Known as “Grant Anticipation Revenue Bonds” - or GARVEE bonds - these bonds allow states to pay for new road projects and repay it with future federal highway payments. It’s a shift from a pay-as-you-go method because it allows states to fund critical transportation projects without putting up the cash first.
As of December 2016, 25 states and three territories have issued over $20.4 billion in GARVEEs, according to the U.S. Department of Transportation.
WHY DOES IDAHO NEED IT?
Idaho currently doesn’t funnel general tax dollars to pay for the state’s aging roads and bridges. Instead it relies on revenue from the gas tax and registration fees to cover the costs. This system hasn’t been enough to keep up with the state’s maintenance, repairs and construction needs, leaving the state with a $262 million a year transportation deficit. Republican lawmakers have already shot down an attempt to raise the gas tax earlier this legislative session. Using a GARVEE bond is one of the remaining options lawmakers have left before adjournment to boost Idaho’s transportation budget.
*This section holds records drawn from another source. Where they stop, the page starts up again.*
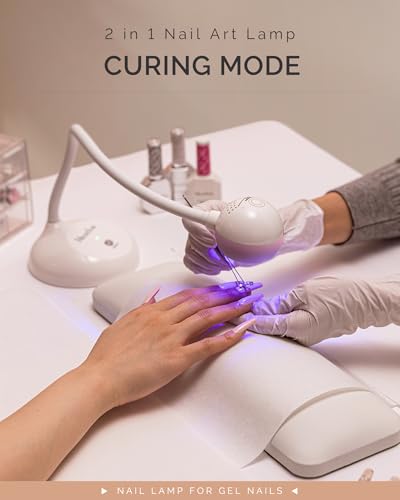 Rechargeable Nail Lamp with 360° Gooseneck - Professional Gel Curing Light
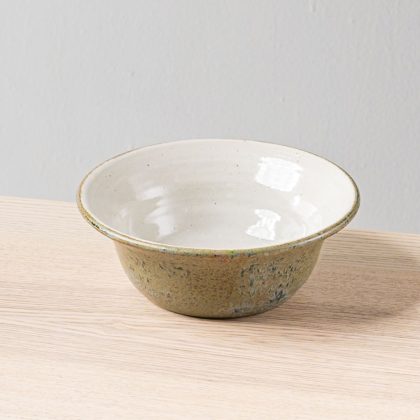 Tazon Oriental 20x7cm-Azul Mineral Interior Blanco Luna Semimate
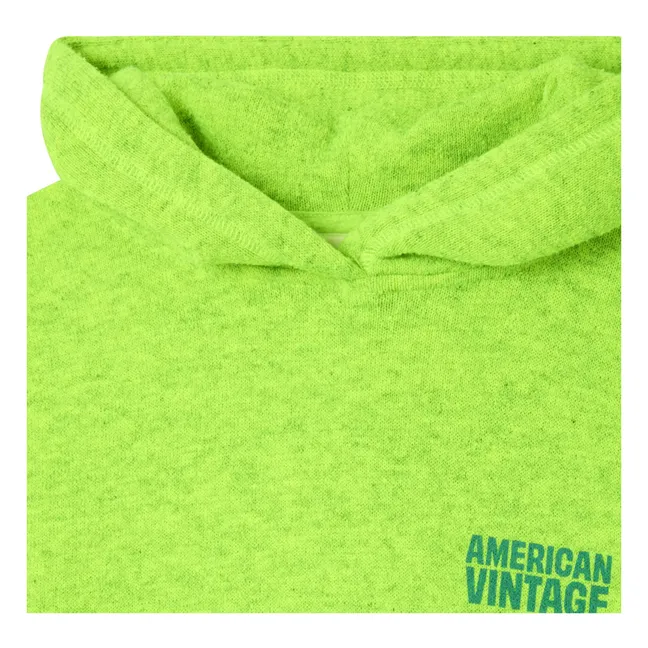 Sweat Capuche Evona | Jaune fluo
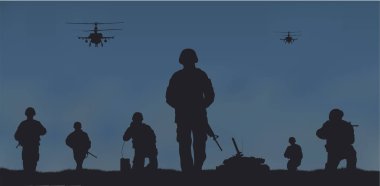 Askerler mücadele görev performansını.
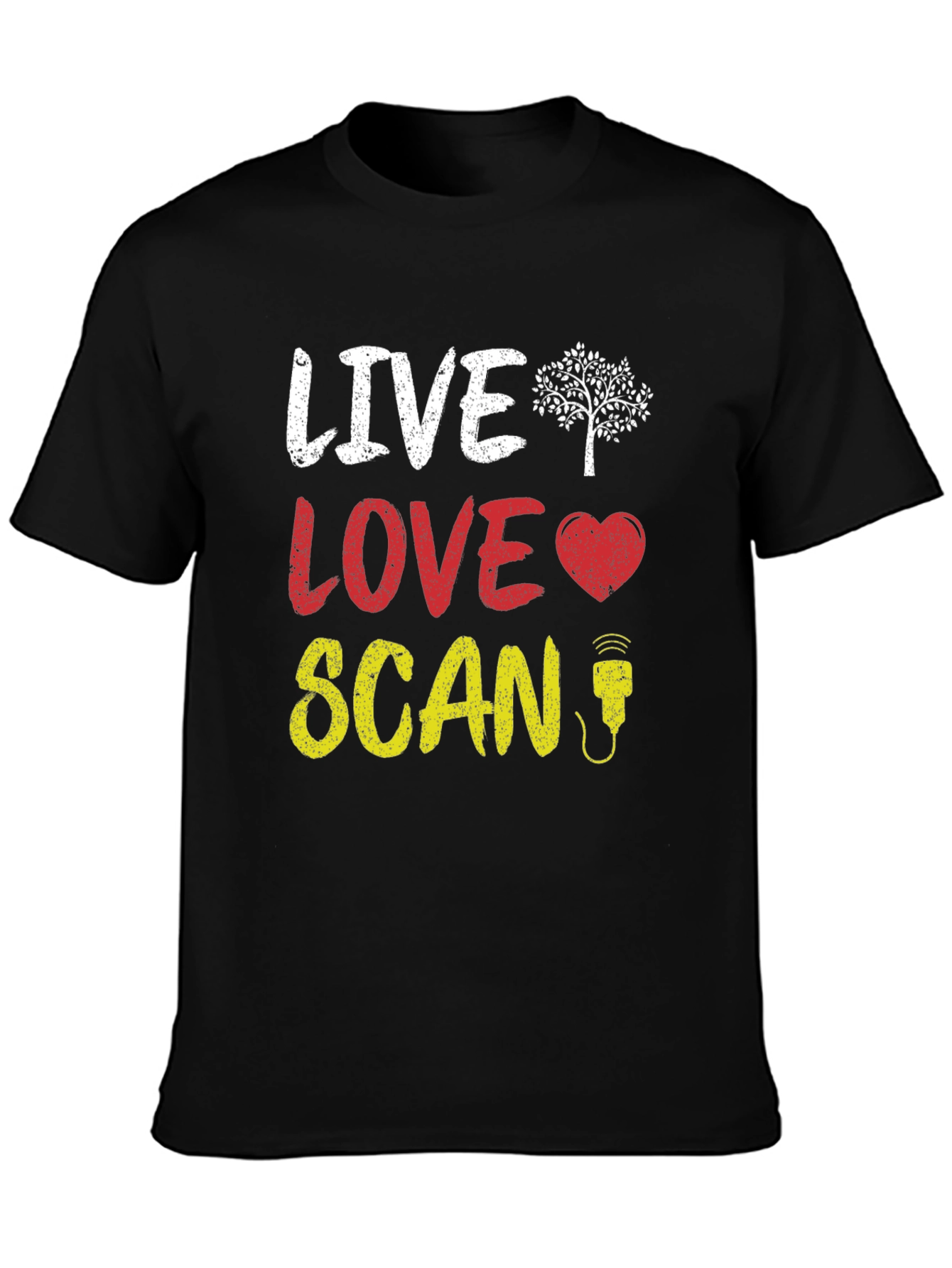 Live Love Scan T-Shirt - Ultrasound Sonographer Gift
HAS IDAHO USED GARVEE BONDS BEFORE?
Yes. Idaho first used these bonds in 2005 as part of an ambitious proposal first pitched former Gov. Dirk Kempthorne. The plan originally allowed Idaho to borrow $1.6 billion to improve 258 miles identified in Idaho’s 13 most clogged and crumbling traffic corridors. That projected was eventually trimmed to just $857 million to add relief to six traffic corridors.
That project was eventually completed in 2015. Currently, Idaho still owes $564.2 million, which won’t be paid off until 2031.
WHAT DOES THIS NEW PROPOSAL DO?
Brackett’s proposal lists 12 out of the 13 corridors first identified in 2005 that would be funded with GARVEE bonds. These projects include building a new Snake River bridge in south-central Idaho and making improvements along U.S. 30 in eastern Idaho. However, all projects would require approval from the Legislature first.
The plan is expected to be heavily edited if it makes it over to the House, but Brackett said he will fight to carve out GARVEE funding before the anticipated March 24 adjournment.